And he thinks that this is something that everybody can do and he wants to teach everybody about this.
He's an idealist in a weird way.
Yeah, yeah, yeah.
You know, they say, like, a cynic is a spurned idealist.
He's not spurned.
Right.
He just believes it.
And he believes it to these preposterous extremes.
which he, for the most part, puts into practice.
Yeah, exactly, exactly.
And it is, it is the, it is the fact that he really believes this, right?

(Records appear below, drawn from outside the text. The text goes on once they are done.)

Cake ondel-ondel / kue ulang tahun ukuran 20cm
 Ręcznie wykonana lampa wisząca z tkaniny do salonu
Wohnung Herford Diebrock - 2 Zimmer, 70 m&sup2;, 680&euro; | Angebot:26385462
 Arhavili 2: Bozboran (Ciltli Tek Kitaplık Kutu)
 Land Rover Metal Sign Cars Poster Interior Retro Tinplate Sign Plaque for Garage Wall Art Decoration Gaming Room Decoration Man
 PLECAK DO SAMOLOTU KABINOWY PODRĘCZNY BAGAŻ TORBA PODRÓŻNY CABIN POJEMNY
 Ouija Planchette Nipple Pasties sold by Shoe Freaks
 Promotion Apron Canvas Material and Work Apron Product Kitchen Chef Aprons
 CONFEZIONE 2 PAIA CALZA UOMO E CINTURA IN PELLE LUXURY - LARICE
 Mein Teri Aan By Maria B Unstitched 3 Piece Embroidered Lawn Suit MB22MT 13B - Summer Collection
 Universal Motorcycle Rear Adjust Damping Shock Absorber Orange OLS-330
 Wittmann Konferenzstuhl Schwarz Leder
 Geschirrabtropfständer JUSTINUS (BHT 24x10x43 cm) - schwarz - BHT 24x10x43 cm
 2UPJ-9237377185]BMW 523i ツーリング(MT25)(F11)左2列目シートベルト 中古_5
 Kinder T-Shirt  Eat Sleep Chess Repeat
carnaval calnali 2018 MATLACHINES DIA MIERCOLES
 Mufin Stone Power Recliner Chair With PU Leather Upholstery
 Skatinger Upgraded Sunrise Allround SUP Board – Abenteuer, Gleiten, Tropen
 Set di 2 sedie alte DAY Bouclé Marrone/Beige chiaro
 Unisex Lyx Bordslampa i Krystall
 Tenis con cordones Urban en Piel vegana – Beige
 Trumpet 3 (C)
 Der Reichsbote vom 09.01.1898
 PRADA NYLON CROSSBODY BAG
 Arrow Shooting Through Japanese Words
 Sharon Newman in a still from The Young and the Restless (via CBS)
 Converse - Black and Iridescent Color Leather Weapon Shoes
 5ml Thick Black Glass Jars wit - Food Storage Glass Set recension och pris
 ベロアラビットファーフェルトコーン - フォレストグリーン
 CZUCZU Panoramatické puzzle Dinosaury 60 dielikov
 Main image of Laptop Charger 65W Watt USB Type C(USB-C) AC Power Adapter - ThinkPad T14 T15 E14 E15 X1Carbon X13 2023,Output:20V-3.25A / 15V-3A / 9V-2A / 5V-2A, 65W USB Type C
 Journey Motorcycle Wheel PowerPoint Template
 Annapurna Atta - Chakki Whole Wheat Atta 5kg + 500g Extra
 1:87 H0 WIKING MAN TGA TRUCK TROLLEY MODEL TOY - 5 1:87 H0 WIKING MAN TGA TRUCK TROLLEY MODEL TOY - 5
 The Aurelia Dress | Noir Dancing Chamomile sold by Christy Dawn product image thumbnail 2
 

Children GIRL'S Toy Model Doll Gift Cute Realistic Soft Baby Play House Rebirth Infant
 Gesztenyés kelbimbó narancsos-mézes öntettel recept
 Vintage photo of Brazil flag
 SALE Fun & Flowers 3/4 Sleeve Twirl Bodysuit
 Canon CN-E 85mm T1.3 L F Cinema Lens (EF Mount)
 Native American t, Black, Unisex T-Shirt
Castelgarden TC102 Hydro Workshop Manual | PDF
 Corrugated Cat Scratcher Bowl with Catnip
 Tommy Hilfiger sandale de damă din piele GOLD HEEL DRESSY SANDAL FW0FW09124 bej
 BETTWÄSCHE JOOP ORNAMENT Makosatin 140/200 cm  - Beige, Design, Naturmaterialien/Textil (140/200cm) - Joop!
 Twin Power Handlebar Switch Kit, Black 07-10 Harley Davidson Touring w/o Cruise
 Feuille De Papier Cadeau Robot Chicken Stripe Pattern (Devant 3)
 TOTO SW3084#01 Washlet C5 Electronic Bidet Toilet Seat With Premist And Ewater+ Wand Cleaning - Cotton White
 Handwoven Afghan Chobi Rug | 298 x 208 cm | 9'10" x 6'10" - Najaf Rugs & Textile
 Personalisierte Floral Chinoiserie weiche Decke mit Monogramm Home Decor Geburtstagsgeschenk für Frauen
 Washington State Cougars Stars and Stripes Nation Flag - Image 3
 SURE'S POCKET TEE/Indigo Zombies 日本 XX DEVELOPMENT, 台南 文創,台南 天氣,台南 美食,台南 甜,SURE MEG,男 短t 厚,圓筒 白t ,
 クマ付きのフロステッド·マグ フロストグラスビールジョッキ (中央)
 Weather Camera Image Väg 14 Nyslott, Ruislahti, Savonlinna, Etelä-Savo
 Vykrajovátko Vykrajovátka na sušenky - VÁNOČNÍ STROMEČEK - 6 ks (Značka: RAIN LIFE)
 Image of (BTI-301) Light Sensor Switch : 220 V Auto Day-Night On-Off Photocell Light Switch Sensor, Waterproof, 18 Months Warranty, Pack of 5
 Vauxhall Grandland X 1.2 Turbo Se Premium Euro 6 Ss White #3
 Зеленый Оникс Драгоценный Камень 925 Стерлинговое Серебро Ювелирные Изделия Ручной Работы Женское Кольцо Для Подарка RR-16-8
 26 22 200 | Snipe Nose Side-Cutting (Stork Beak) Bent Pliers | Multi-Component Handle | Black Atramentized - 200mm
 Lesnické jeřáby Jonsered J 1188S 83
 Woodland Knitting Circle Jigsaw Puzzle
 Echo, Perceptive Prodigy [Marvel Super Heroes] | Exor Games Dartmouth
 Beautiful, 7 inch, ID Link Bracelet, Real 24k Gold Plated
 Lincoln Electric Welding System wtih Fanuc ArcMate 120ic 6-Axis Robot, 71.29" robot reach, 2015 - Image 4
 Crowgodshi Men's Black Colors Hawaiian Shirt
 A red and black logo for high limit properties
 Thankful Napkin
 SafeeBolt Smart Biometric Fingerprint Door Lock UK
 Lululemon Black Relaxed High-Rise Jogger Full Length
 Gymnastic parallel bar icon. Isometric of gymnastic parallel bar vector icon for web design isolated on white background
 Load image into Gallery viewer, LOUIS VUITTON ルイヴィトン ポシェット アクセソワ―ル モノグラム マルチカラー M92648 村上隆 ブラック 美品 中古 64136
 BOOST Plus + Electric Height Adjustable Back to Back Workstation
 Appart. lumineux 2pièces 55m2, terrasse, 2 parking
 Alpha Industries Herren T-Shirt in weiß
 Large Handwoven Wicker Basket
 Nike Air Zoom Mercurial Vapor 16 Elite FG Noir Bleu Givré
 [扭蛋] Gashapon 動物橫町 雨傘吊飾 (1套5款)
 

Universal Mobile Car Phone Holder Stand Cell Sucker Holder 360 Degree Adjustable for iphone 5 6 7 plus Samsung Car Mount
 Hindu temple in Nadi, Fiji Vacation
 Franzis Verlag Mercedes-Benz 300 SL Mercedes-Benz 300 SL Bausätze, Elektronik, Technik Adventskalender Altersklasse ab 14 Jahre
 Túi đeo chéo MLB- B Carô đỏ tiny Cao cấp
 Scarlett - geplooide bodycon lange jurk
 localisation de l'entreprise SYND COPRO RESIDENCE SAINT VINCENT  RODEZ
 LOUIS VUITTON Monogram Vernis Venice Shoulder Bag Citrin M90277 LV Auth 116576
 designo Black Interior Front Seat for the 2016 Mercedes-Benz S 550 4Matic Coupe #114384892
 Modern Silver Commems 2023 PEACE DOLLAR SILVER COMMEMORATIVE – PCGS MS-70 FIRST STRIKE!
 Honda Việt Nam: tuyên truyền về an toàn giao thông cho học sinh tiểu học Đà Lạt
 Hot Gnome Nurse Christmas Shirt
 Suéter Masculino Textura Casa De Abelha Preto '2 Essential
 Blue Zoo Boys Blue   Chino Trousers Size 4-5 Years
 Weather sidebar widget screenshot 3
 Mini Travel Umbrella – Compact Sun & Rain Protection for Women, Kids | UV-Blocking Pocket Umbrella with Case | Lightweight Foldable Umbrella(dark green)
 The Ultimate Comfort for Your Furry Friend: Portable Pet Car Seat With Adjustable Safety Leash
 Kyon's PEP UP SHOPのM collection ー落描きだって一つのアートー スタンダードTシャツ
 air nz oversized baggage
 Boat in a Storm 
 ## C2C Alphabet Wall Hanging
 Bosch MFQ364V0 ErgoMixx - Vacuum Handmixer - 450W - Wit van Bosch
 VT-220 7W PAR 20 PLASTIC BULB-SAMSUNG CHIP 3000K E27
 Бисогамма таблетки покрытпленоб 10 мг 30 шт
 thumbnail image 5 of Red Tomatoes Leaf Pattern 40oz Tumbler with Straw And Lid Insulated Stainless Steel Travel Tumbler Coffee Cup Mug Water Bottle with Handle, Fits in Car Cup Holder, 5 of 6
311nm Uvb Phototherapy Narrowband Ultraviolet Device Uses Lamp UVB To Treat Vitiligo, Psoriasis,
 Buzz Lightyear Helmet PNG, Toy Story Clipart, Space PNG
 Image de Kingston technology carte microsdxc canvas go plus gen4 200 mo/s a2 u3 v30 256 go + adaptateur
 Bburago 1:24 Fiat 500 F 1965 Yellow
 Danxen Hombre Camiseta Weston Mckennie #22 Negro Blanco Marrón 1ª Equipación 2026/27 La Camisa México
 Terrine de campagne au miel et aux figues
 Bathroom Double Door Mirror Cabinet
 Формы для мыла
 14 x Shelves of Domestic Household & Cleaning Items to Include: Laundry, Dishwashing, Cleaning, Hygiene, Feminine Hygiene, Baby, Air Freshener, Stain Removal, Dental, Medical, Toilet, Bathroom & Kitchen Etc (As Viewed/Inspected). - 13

That to my mind makes that he's absolutely not a lowercase cynic.
Yes.
But I think he is sort of able to be an idealist because he does not pretend to be flawless, right?
Right.
And there's this other anecdote, which I really love, where he says, I'm sort of like,
choir director, and I sort of give the pitch to the chorus, but I give it a little bit higher
because I know that they will not quite be able to hit the tone. So if they are sort of striving
for what I'm seeing for them, they will get very far in the right direction. So there is sort of
this understanding that, you know, what he is doing is not systematic, is not perfect.
Right. He is he is setting a tone for us that we can sort of go towards. And I think it is precisely because of this acceptance of this impurity that you're protected against becoming a spurned idealist, right? Because you were never an absolutist idealist anyway, right? And being an absolutist idealist is so dangerous, you know, because it is it is impossible. Right. And then once you get knocked down, once you sort of fall.
into the abyss, then what are you going to do, right?
Then you're sort of in this place where it's like, well, there's, it's not possible
to do the right thing anyway.
So why even bother and, you know, none of it, none of it matters.
That's why you become a lowercase cynic.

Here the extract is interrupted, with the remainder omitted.